The Matador ($28.95) A dissolute hitman (Pierce Brosnan) forms an unlikely friendship with a nice-guy salesman (Greg Kinnear) in an exuberant dark comedy. Extras: Deleted scenes, plus convivial commentary from the stars and director-writer Richard Shepard. (R) Movie: [STARS 3] Extras: [STARS 3]
The Great New Wonderful
A year after 9/11, disparate New Yorkers carry on with their lives, but tensions simmer below the surface in this slight, underdramatized story. Tony Shalhoub and Maggie Gyllenhaal star. (R) [STARS 2]
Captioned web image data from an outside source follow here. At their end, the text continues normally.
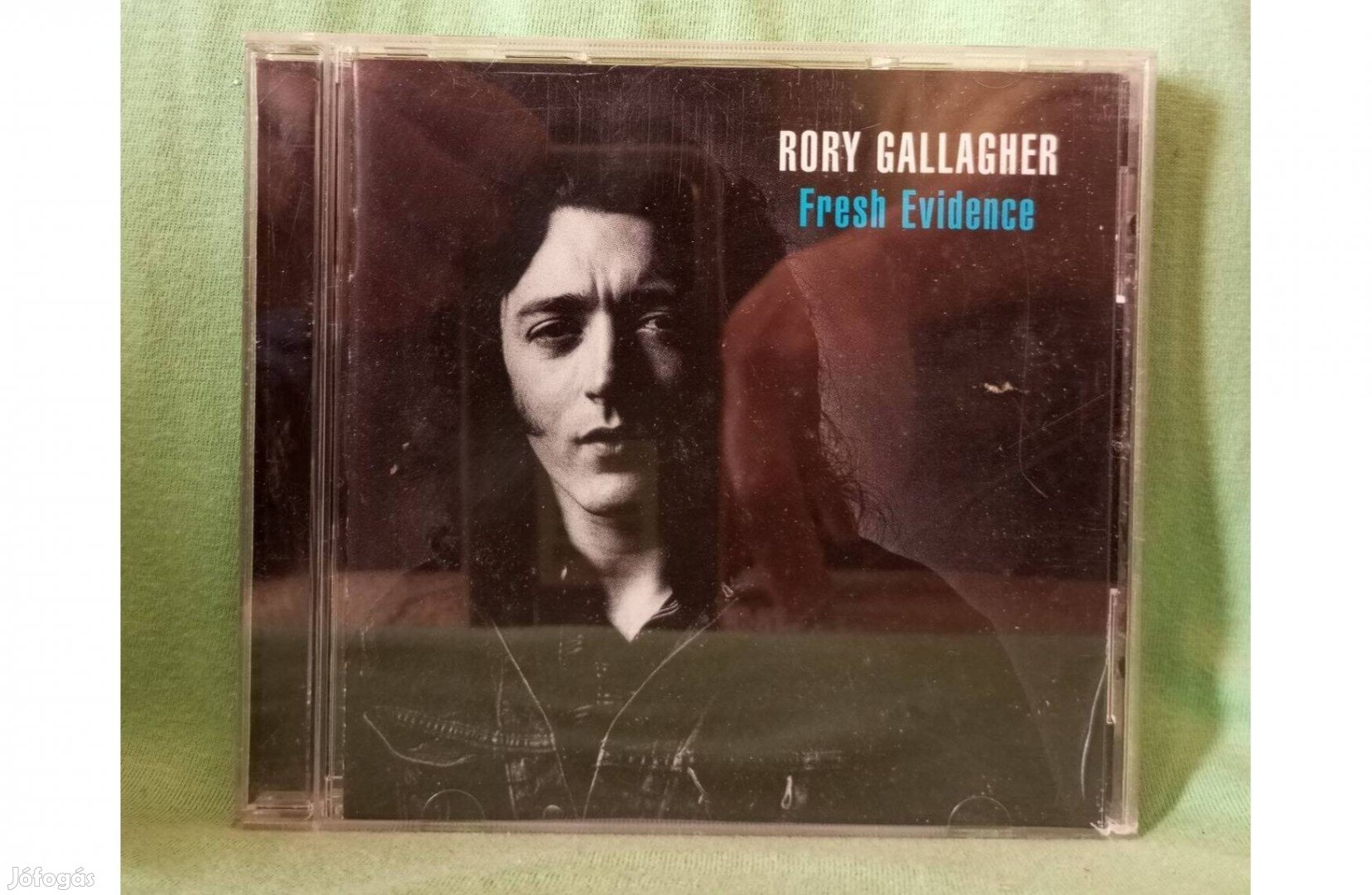 Rory Gallagher - Fresh Evidence CD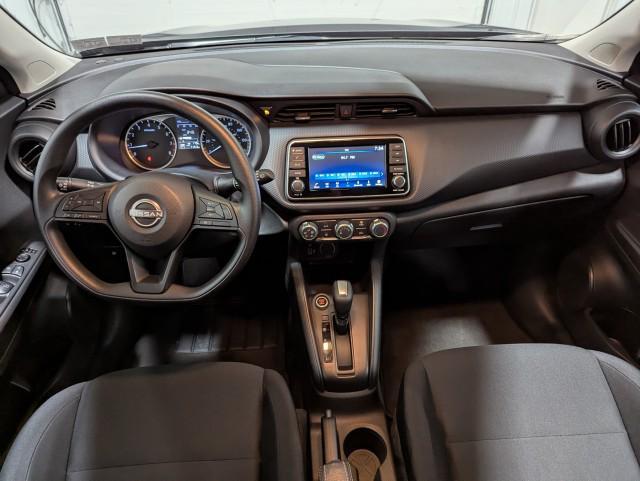 used 2023 Nissan Kicks car, priced at $17,998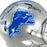 Amon-Ra St. Brown and Jameson Williams Dual Signed Detroit Lions Speed Full-Size Replica Football Helmet (JSA)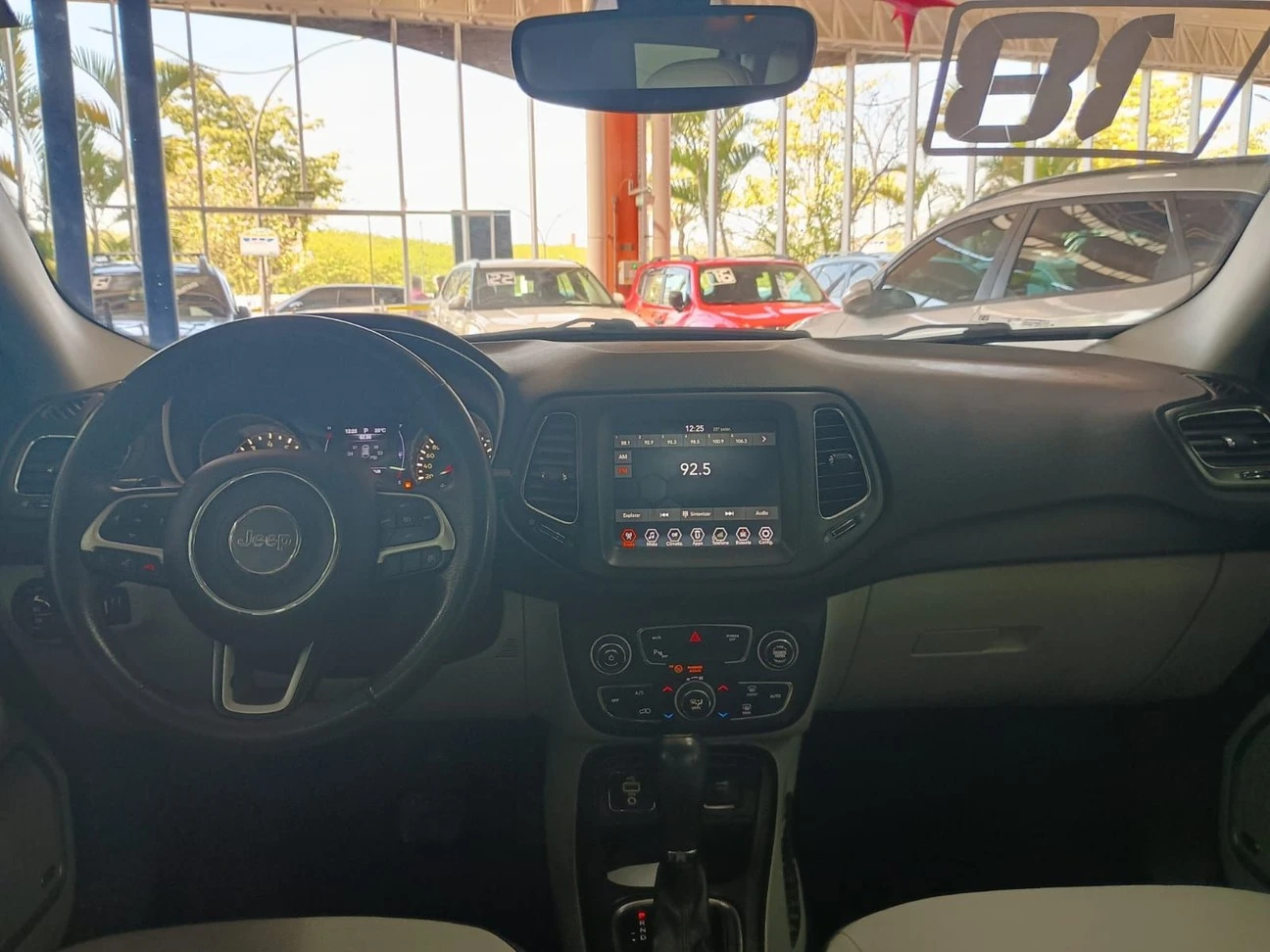 JEEP COMPASS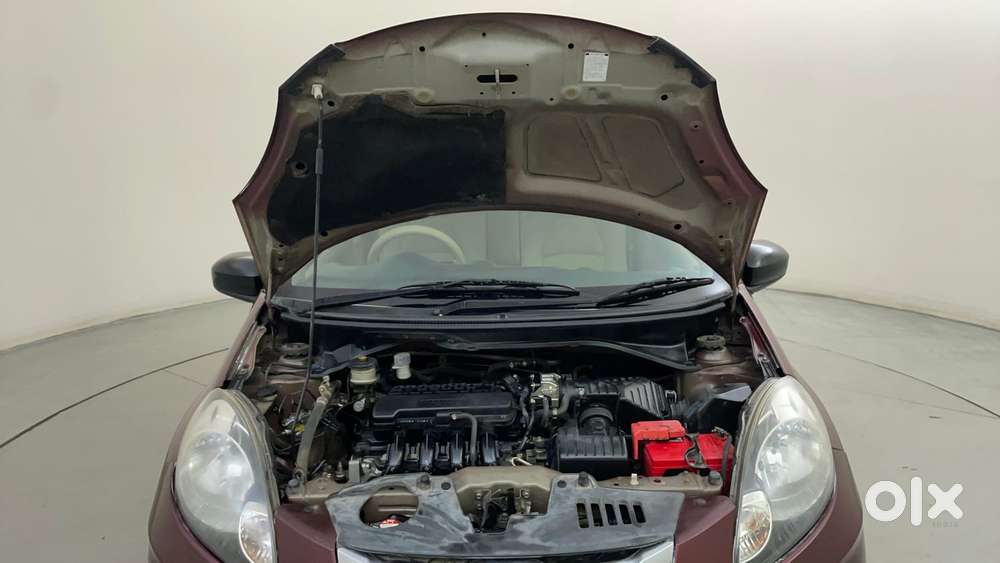 Honda Amaze S I-vtec, 2013, Petrol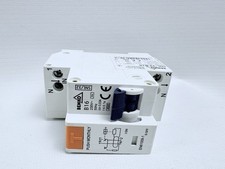 Fehlerstromschutzschalter mit Leitungsschutzschalter integriert FI+LS von Bemko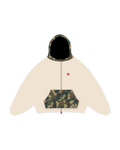 Cozy Warfare Zip-Up Hoodie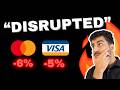 Can Stable-Coins ACTUALLY Disrupt Visa & Mastercard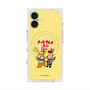 Premium Square Case with MagSafe［ Hatsune Miku × Kuppy Ramune - Kagamine Len × Kuppy - Chibi Illustration ］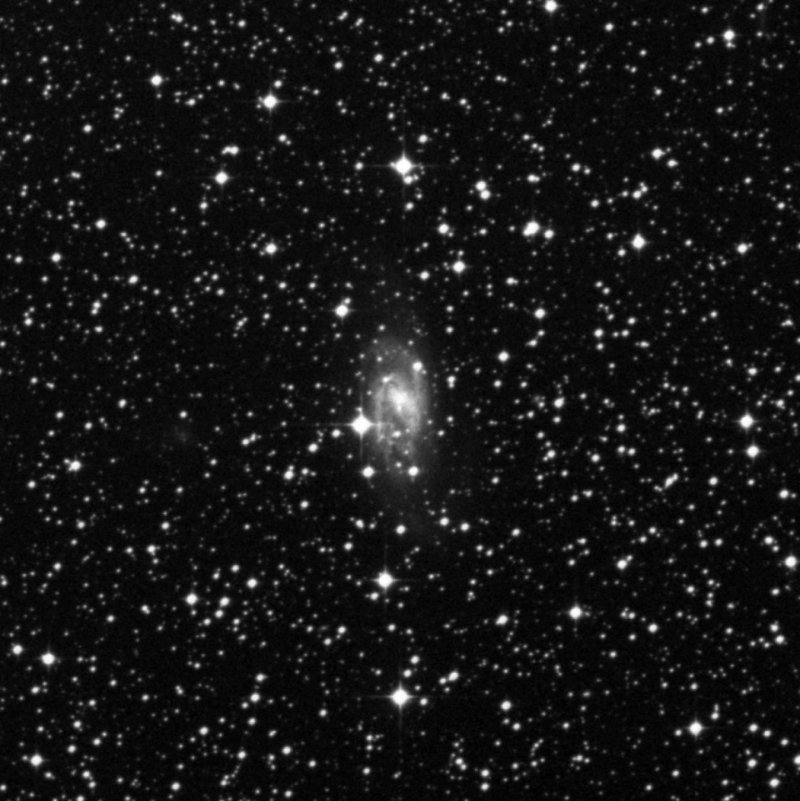 NGC 2559 - Zoom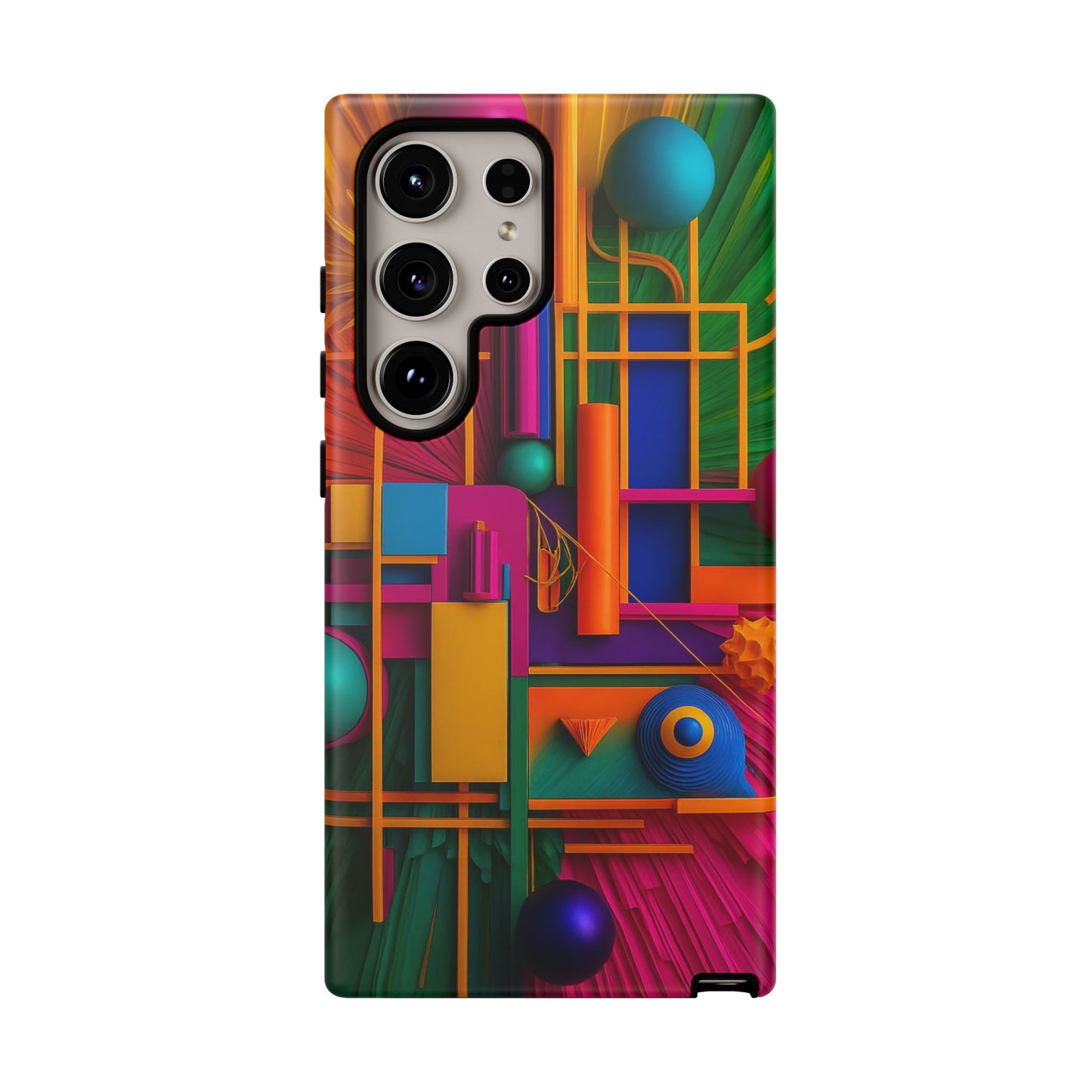 Tough Cases | Modern Art Phone Covers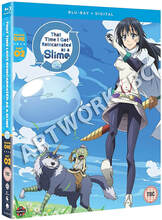 That Time I Got Reincarnated as a Slime: Season One Part Two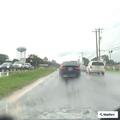 Crash partially blocking Greenview Drive at Timberlake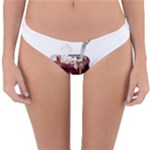 Christmas Joy Reversible Hipster Bikini Bottoms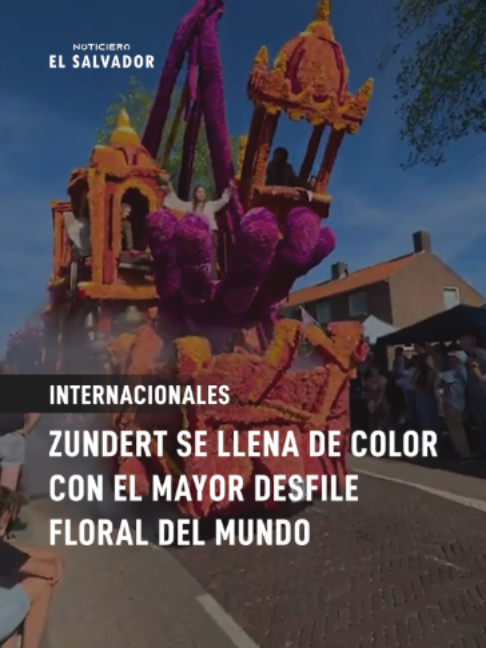 @Noticiero El Salvador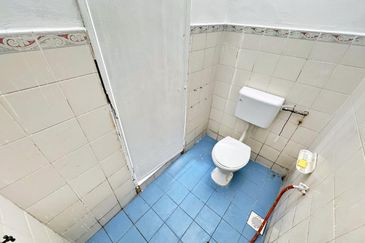 TERMURAH FREEHOLD Single Storey House Taman Desaria Nilai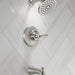 Delta Kayra T14433 Monitor 14 Series Tub & Shower Trim, stainless - view 2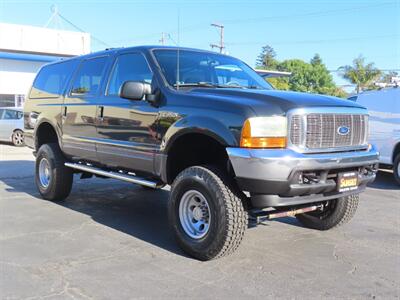 2001 Ford Excursion XLT 4WD SUV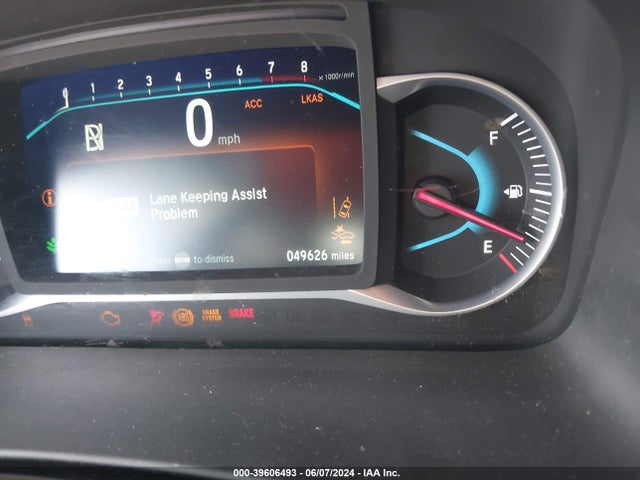 Honda Pilot 2wd Lx 2020 5FNYF5H16LB009111 Image 7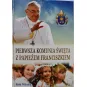 PIERWSZA KOMUNIA ŚW. Z PAPIEŻEM FRANCISZKIEM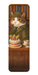 Ezen - Sherlock Birthday Tabby Classic Cat - Bookmark - Front
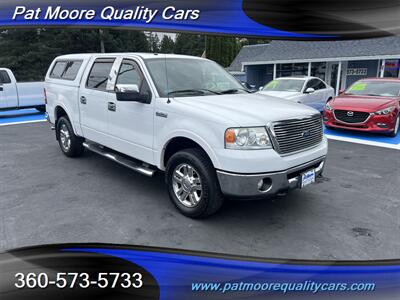 2008 Ford F-150 Lariat   - Photo 7 - Vancouver, WA 98686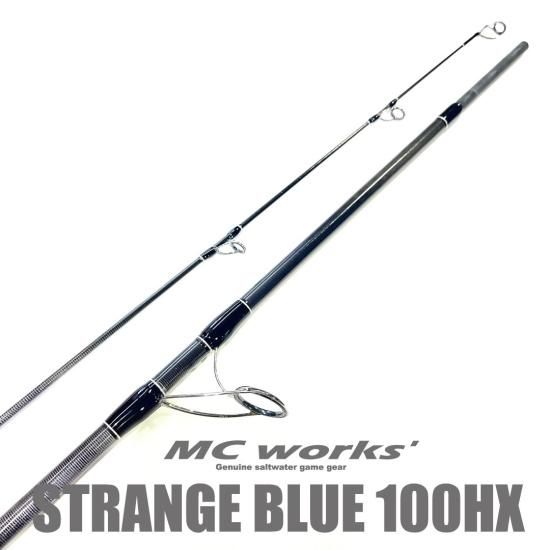 STRANGE BLUE 100HX【ストレンジブルー100HX】スタンダード STRANGE BLUE 100HX【ストレンジブルー100HX】スタンダード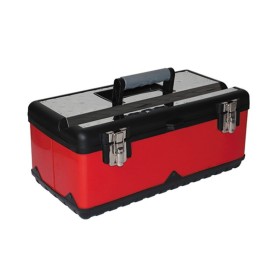 Boîte à outils bi-matière 29 L avec plateau SORI - 704004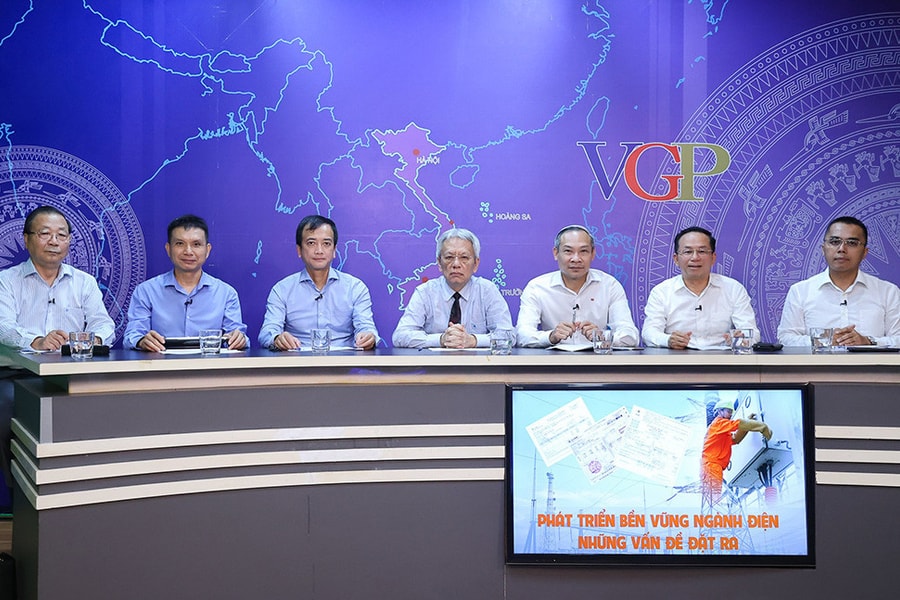 'Dùng công tơ điện tử nên không có chuyện can thiệp làm sai lệch số điện'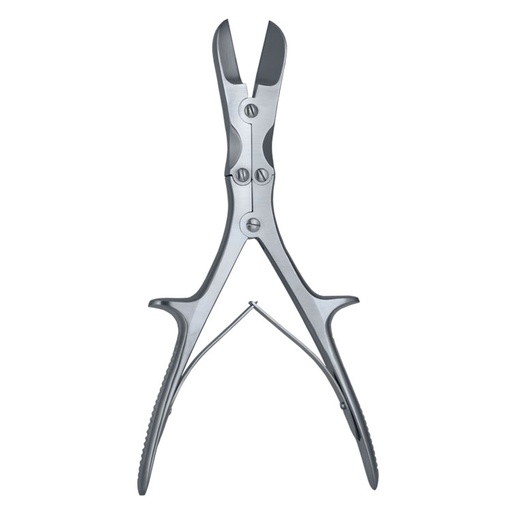 [OC.960.280] Cutter bone Stille-Liston x-action straight 280mm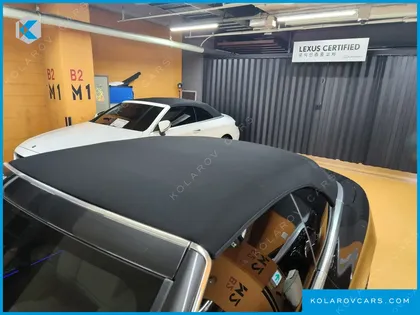 MERCEDES CLE-CLASS CLE200 CABRIOLET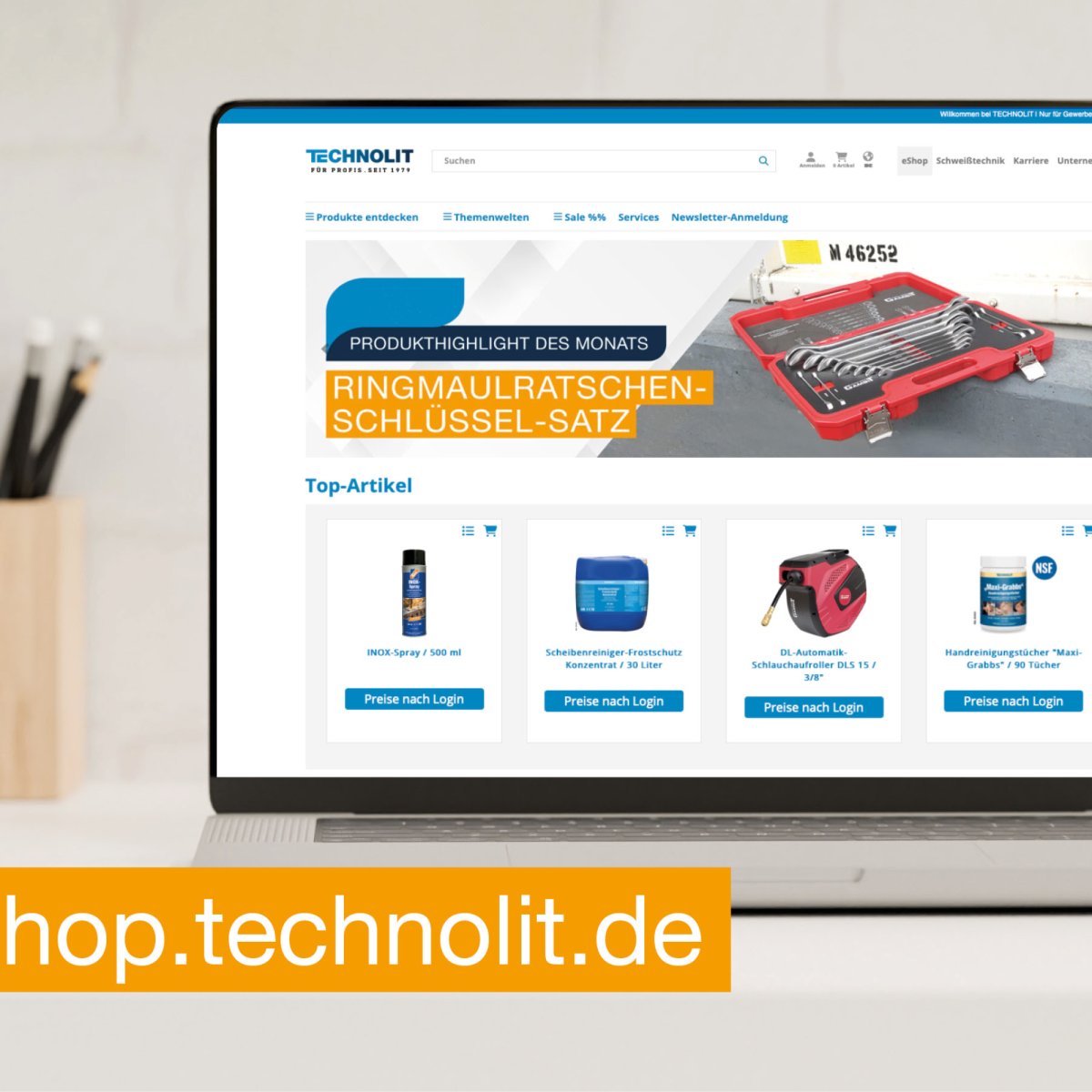 Headerbild Online-Shop DE (Mobil)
Who Killed the Electric Car?
Tom Hanks, Mel Gibson, Peter Horton and Alexandra Paul were all happy drivers of the EV1, a spiffy electric car that General Motors launched in California in 1996 and then, a few years later, pulled. This crusading documentary offers a fascinating look at the reasons why. (PG) [STARS 2.5]
BLOCKBUSTERS GO IMAX
IMAX isn't just for space walkers, deep sea dwellers and rainforest critters anymore. Superman Returns is the latest Hollywood film to simultaneously screen in conventional theaters and the extra-large format once best known for nature documentaries. Apollo 13 was the first blockbuster to hit the very big screen in 2002, but IMAX struck its most sizable box-office jackpot with a 3-D version of 2004's The Polar Express, which grossed over $45 million domestically in two releases. What's the draw? "With bigger TV screens, video games and DVDs, the public wants something different to get off the couch," IMAX co-CEO Richard Gelfond says. For Superman, IMAX audiences will put on glasses to view four 3-D scenes totaling 20 minutes, including a rescue sequence with a plummeting plane.
Who will be next to fight evil in 3-D? Harry Potter and the Order of the Phoenix, due in 2007, will likely have 3-D segments, insiders say, and execs are mulling the idea for Spider-Man 3. And IMAX has three animated 3-D films on tap later this year: The Ant Bully, Open Season and Happy Feet. Then there's the wish list. "I think you'll see some rereleases in 3-D," Gelfond says. "My personal favorite would be Indiana Jones. Or E.T."